======== INFORMATION PROVIDED
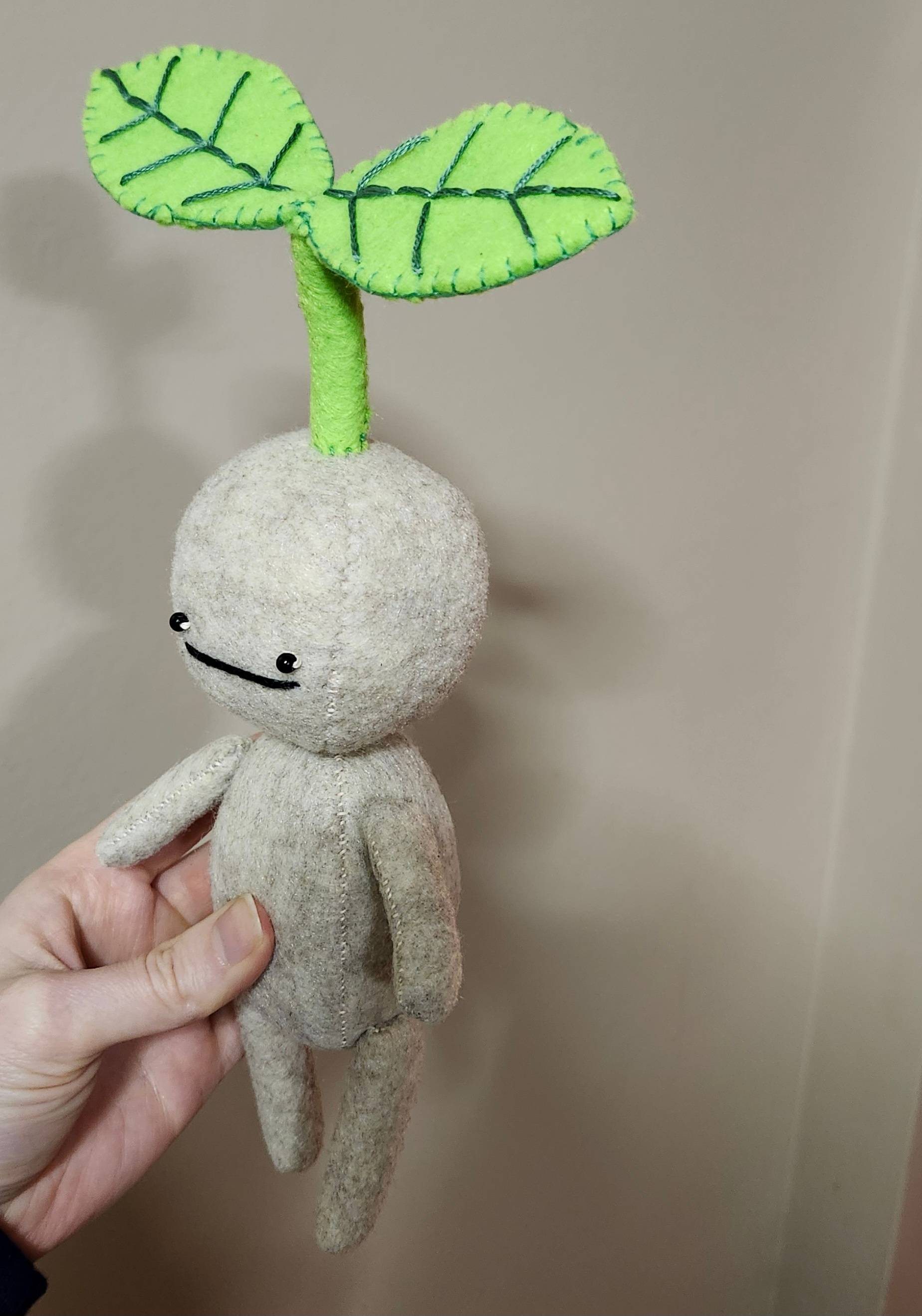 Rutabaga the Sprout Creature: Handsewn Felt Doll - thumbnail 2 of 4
================
======== INFORMATION PROVIDED
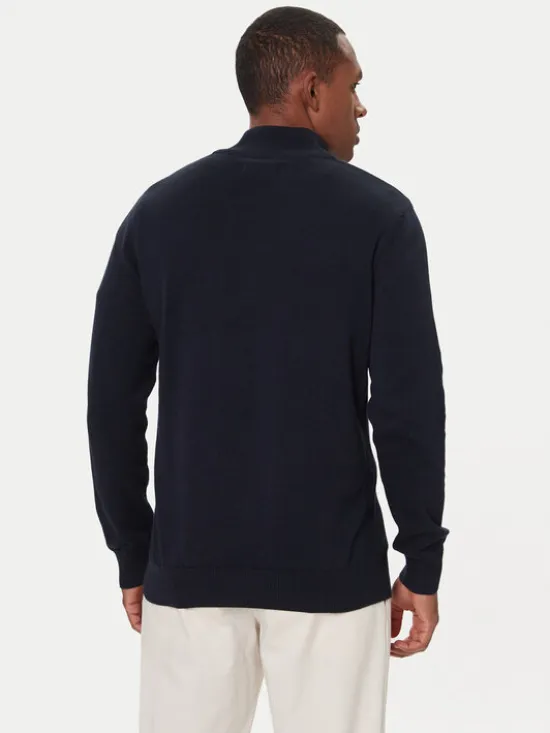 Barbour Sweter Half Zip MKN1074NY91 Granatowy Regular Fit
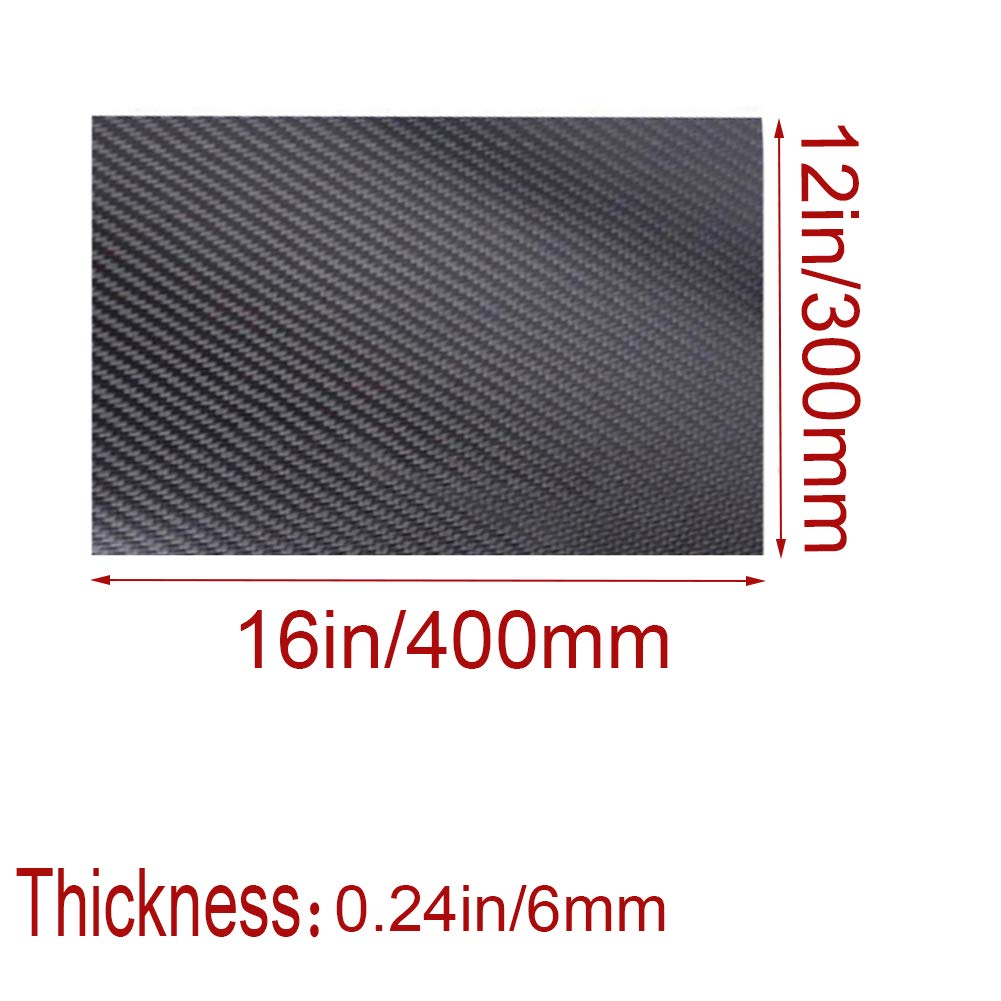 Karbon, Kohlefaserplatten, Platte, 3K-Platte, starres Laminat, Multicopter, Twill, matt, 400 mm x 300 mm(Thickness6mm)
================
======== INFORMATION PROVIDED
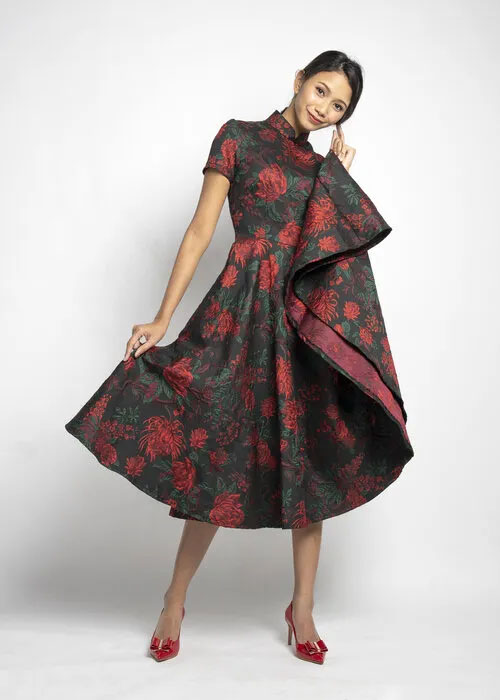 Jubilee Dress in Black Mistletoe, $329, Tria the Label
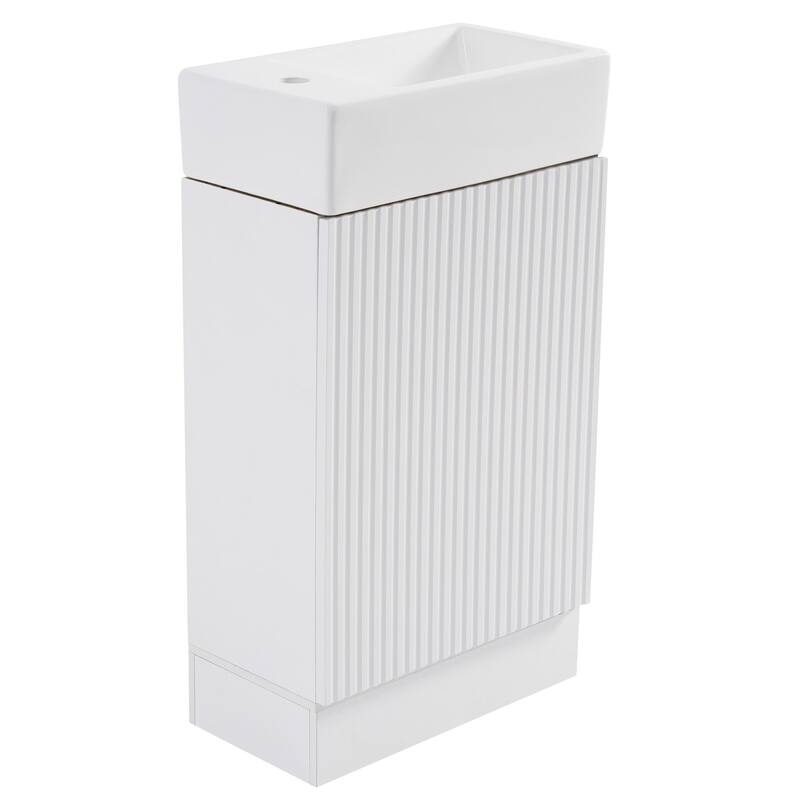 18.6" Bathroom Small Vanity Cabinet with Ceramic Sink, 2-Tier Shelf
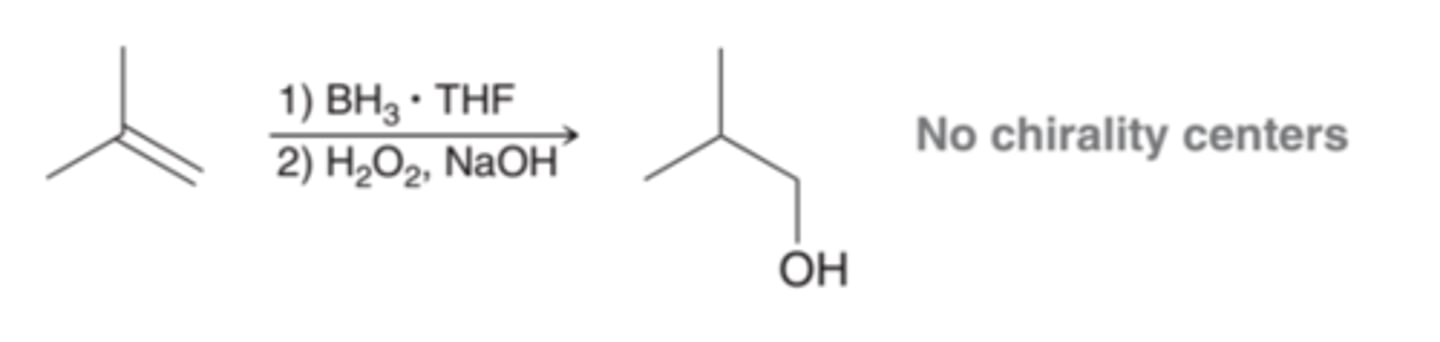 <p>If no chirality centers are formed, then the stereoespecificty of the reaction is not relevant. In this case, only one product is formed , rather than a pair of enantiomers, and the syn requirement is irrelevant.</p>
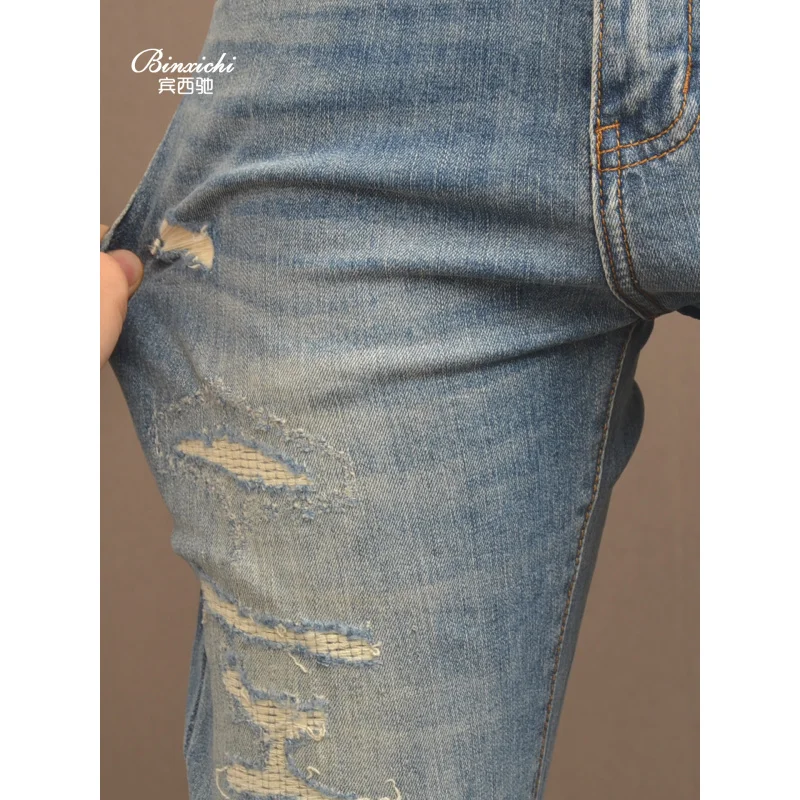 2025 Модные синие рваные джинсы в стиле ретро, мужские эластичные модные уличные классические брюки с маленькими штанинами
================
> [WHAT YOU WILL DO]
With the pictures omitted, copy exactly the lines of the listing above starting at the line containing "<p>If no chirality" and ending at the line containing "2025 Модные синие", both included.

> [COMPLETED EXERCISE]
 <p>If no chirality centers are formed, then the stereoespecificty of the reaction is not relevant. In this case, only one product is formed , rather than a pair of enantiomers, and the syn requirement is irrelevant.</p>
 2025 Модные синие рваные джинсы в стиле ретро, мужские эластичные модные уличные классические брюки с маленькими штанинами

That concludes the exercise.